DBCC Internals

, 2007-06-05


- needs consistent view of the db. Needs to do this without locking. In

SQL Server 2000 log analysis is used. Almost everything is logged and

once the database is read, the log is read and inside checkdb, recovery

is performed to reconcile the differences. If there was a lot of

activity, this could take a long time. While the data portion is

multi-threaded, the t-log analysis is single threaded. There are

problems because not everything is logged. So it guesses in some cases.

Could cause false positives.

In SQL Server 2005, this was changed and they use COWs (copy on write).

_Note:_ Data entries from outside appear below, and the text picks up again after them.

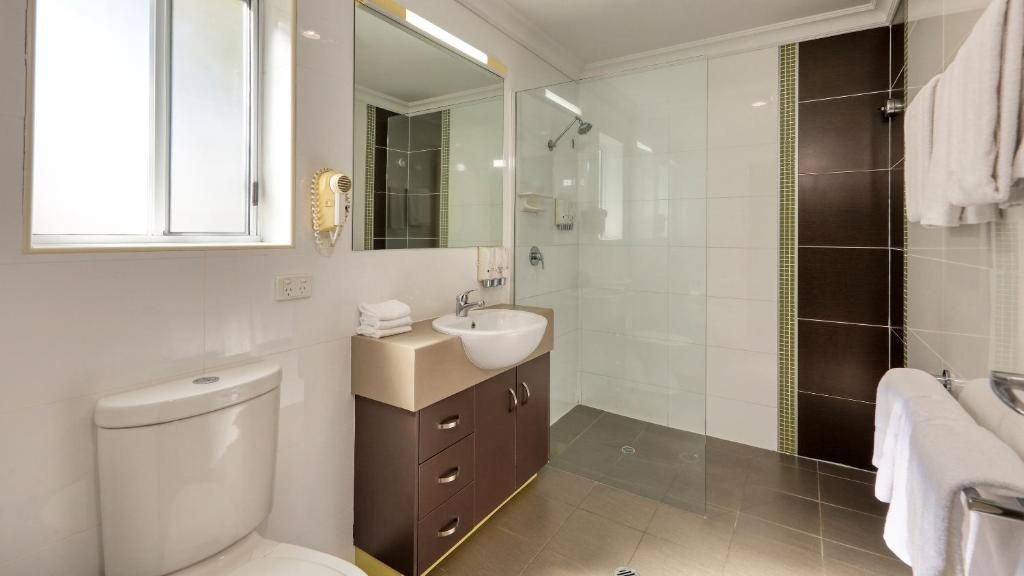 Un baño moderno con inodoro, lavabo, espejo y ducha.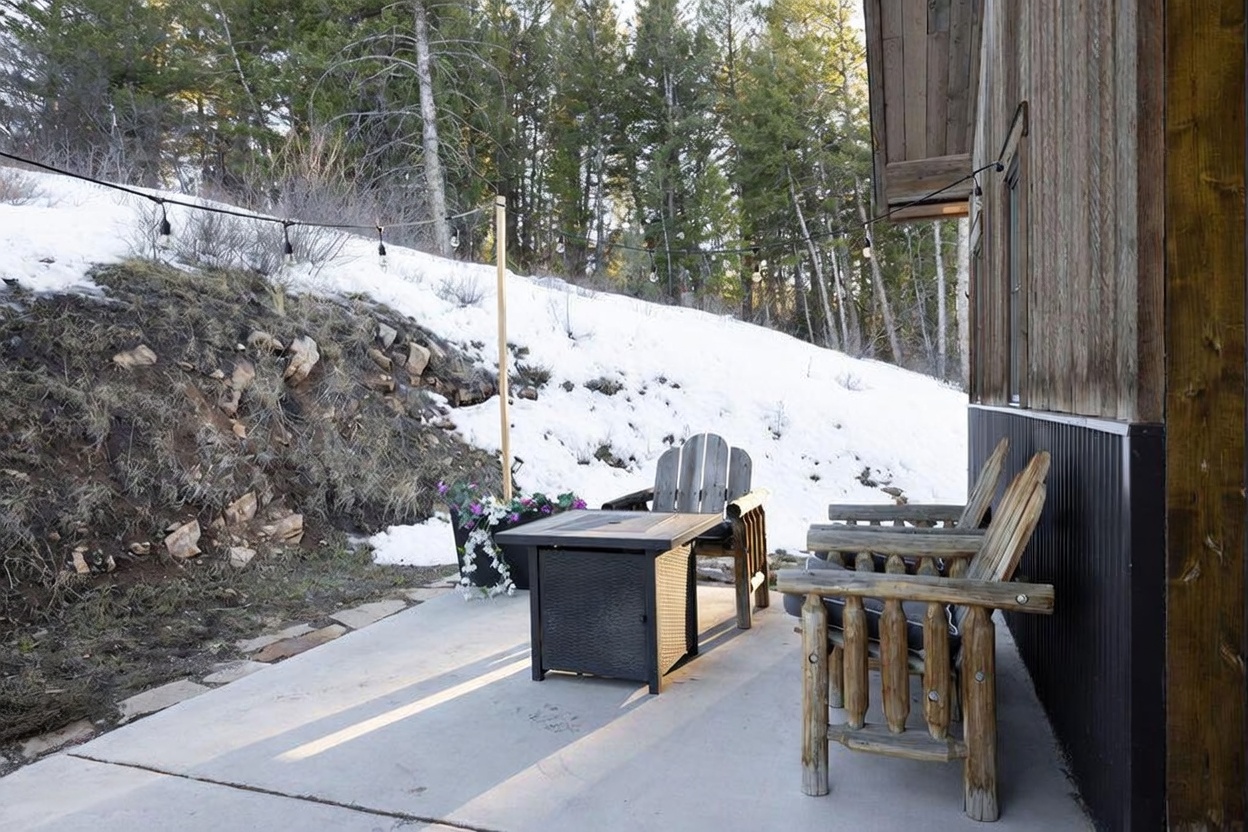 This outdoor patio space features a concrete surface furnished with a square fire pit table and rustic log-style wooden chairs. String lights are draped above the seating area, which is set against a backdrop of a snow-covered hillside and a dense forest. The side of the home, finished in vertical wood siding and dark metal paneling, frames the right side of the scene.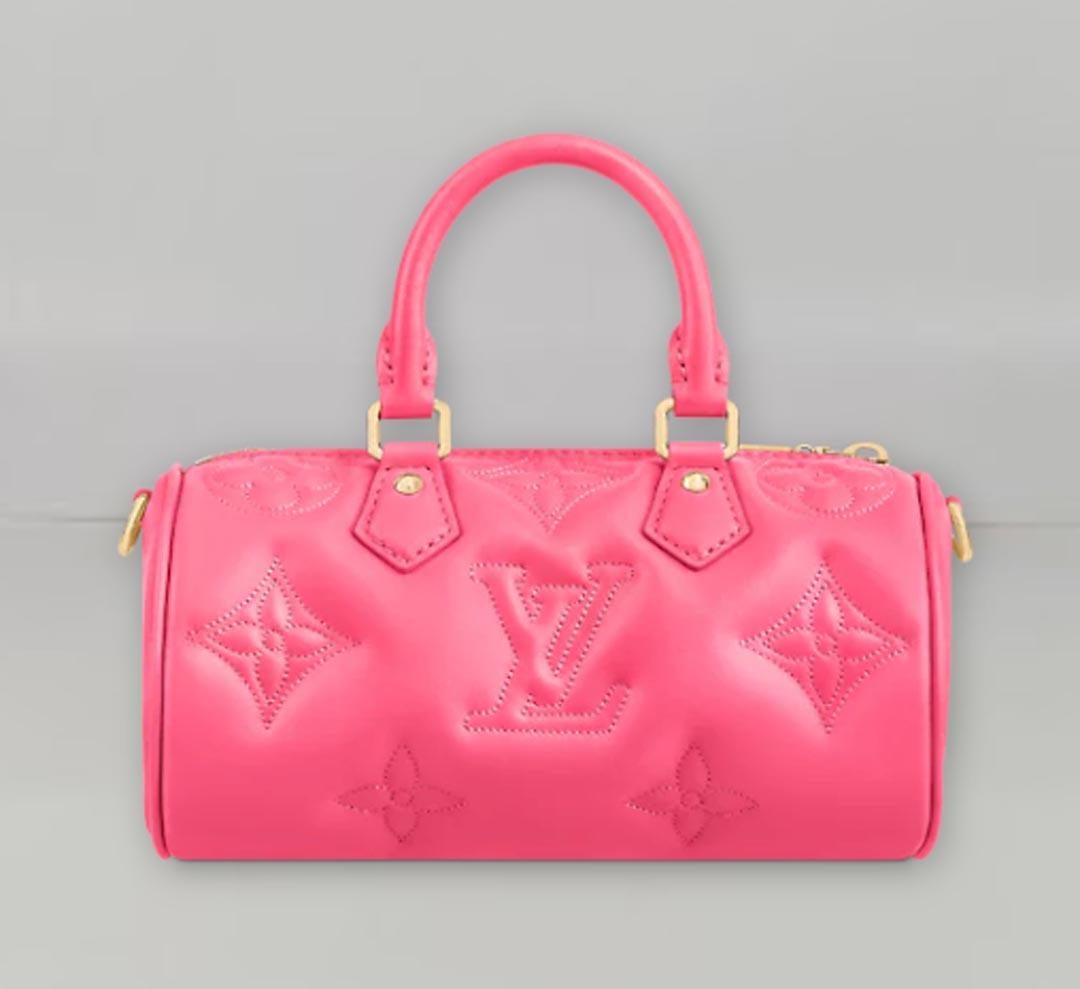 Crafted in supple quilted calfskin, this compact and sporty Papillon BB bag features Louis Vuitton's classic embroidered Monogram pattern. It features a detachable gold chain, a detachable shoulder strap and rolled leather top handles for a variety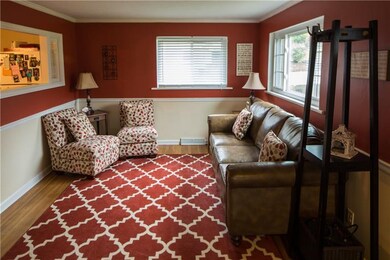 LIVING ROOM WITH NEW WINDOWS, AND HARD WOOD FLOORS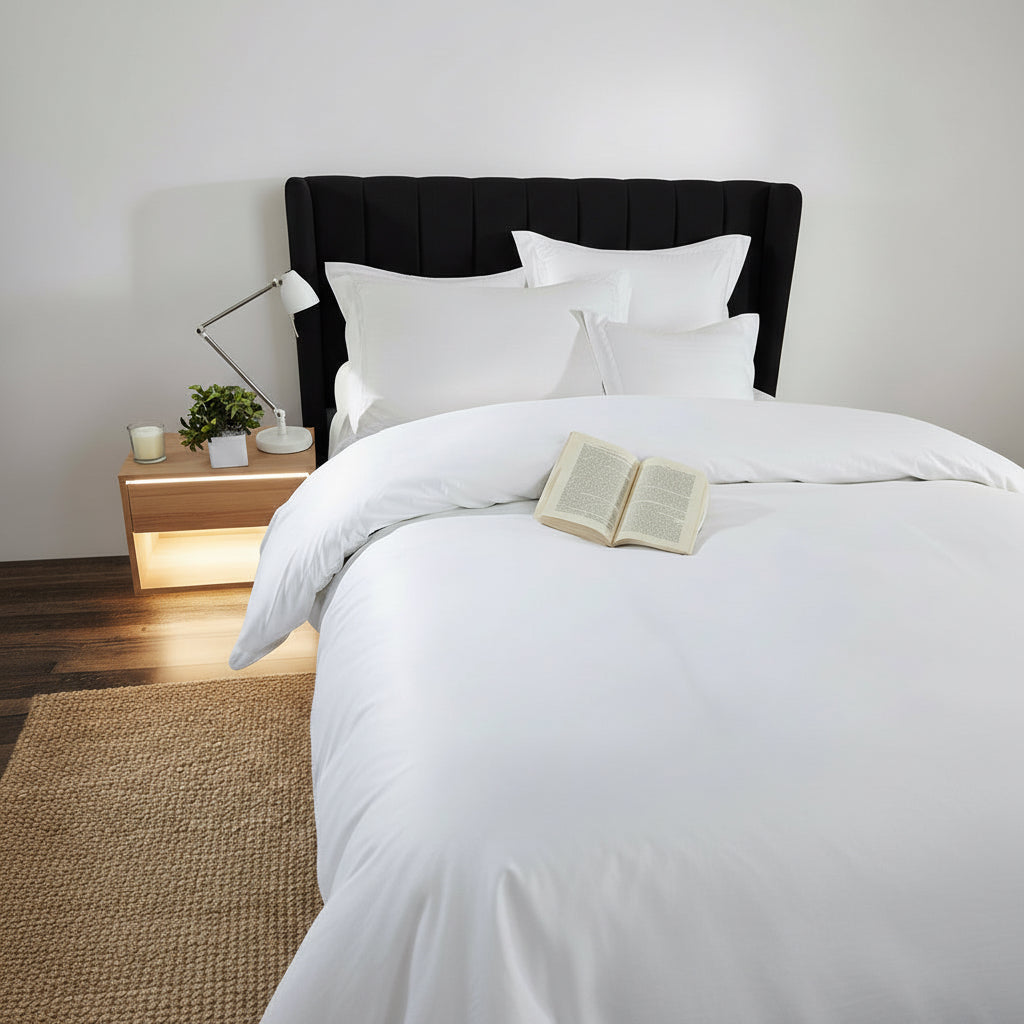 White bedding set on a bed with an open book, lamp, and plant in a room.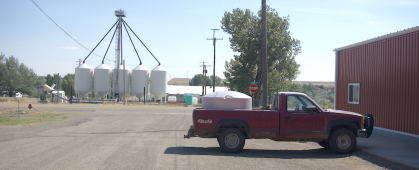 Private water fill truck in Ryegate, MT. Many Central Montanans who reside outside city limits haul water from communal fill stations. Credit: Grete Gansauer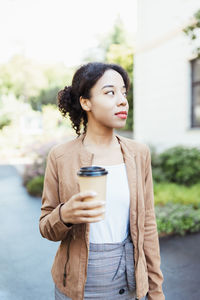 Young african multiracial woman holding disposable paper coffee cup on street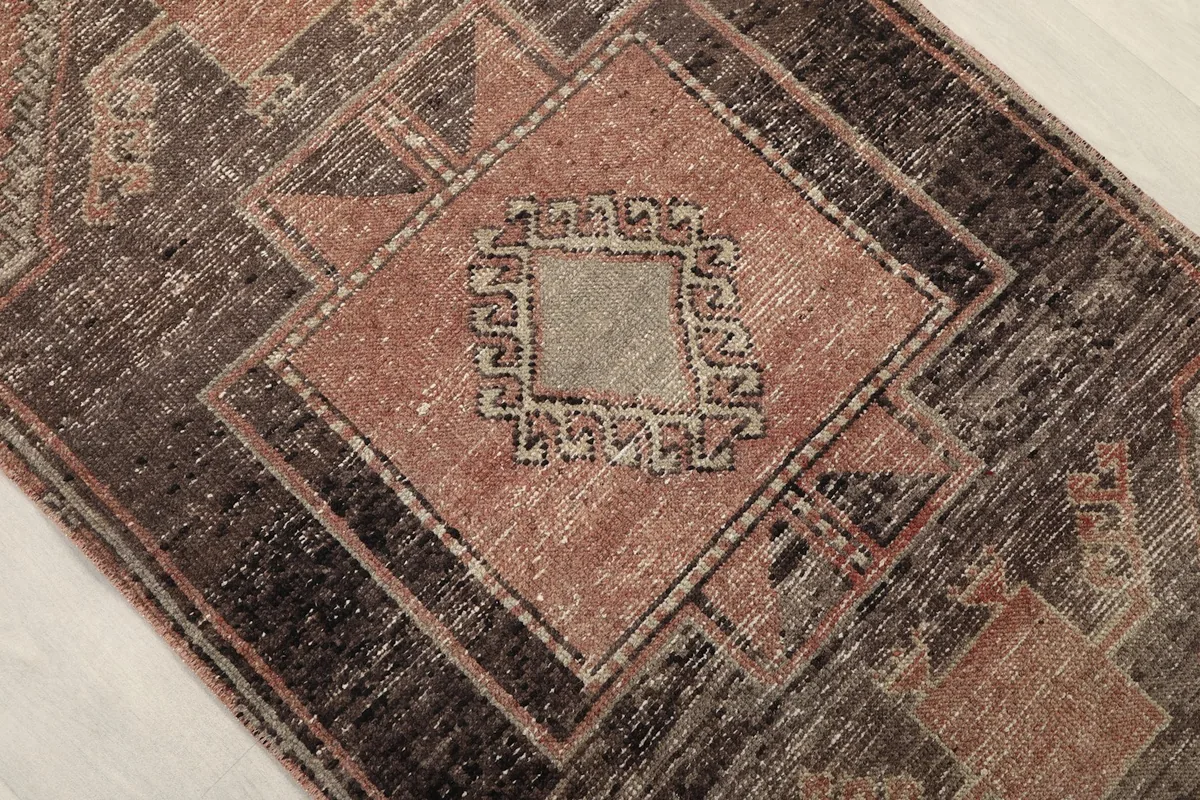 Close-up of a central geometric medallion with gray and rose tones, showcasing the hand-knotted texture.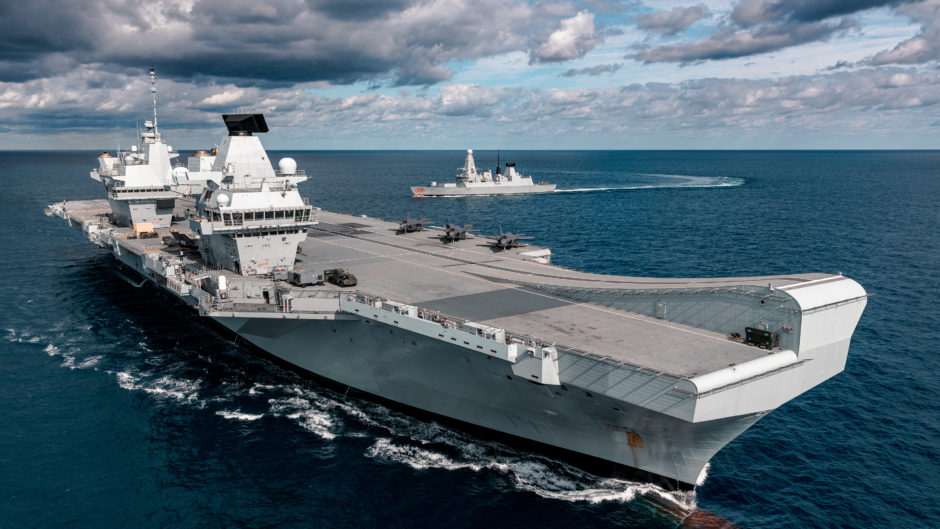 UK F-35 Lightning jets onboard Britain's next generation aircraft carrier, HMS Queen Elizabeth for the first time. HMS Dragon, a Type 45 Destroyer is also seen in the background.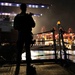 USS Spruance Sailor stands armed watch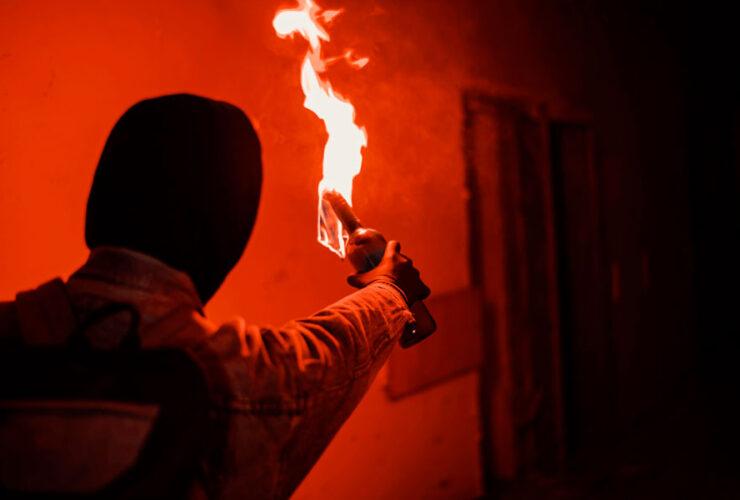 Anarchista w kapturze trzyma koktajl Mołotowa, by rzucić nim w budynek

An internal snapshot is generated and used for a consistent view. Still

with a high load, there are problems (just like a snapshot). Tempdb is

not used (nor can you create a snapshot on tempdb).

- no online checks on tempdb. recovery cannot be run and a snapshot cannot be created.

- only works if you have databases on NTFS.

- internal snapshot is an alternate file stream on each db file, but it will not show up in explorer.

- any space used in the alternate stream is returned to the drive after checkdb.

- If you run checkdb on a snapshot (if you're low on space), no alternate stream/snapshot is created.

- What does it do?

  - primitive checks on critical tables (5 tables)

    - works by getting to the leaf level of each of

these tables. Read every page, no cycles in the linkages, page audit of

every page.

    - if there's a  problem it's done.

  - allocation checks (= checkalloc) - checks consistency of

allocation maps. Ensures that the maps are accurately stored. IAM, GAM,

etc. ensure no two tables have the same map set, ensure that the GAM

and the IAM match up correctly. Check PFS pages - is page allocated, is

allocation page, etc.

  - so far this is fast

  - If running repair, it's run on allocation problems.

  - logical system table chceks and repairs

    - eq of checktable on these. Works in parallel

     - check indexes are correct, b-trees are correct, page audit, etc.

     - If page checksums are turned on, this is checked.

  - logical checks of user tables (and repairs)

    - this runs in parallel as well

  - service broker checks

  - metadata checks (check catalog, wasn't included in ss2k)

  - indexed views and XML index checks (and repairs). Determines

if the content of the indexed view matches the definition of the view.

Can determine if there are extra views or missing rows. Makes new index

to check. Similar thing with XML.

You can check percent complete column to figure out which stage and progress in the DMV (dm_exec_requests).


- only first two checks

- then reads every page to do checksum checks and page audits.

Leaf Index Checks

- Page audit (buffer pool does torn page or checksum checks). Can eat a checksum failure and continue on. Reports the issues.

  - look at page header, check that data is what is expected for that page.

- Record audit - gross audit of structure of all records. Are offsets correctly set.

- B-tree check

  - for index and leaf pages.

  - check linkages

  - are key ranges correct?

  - partitioning - is the record correct for the partitioning function.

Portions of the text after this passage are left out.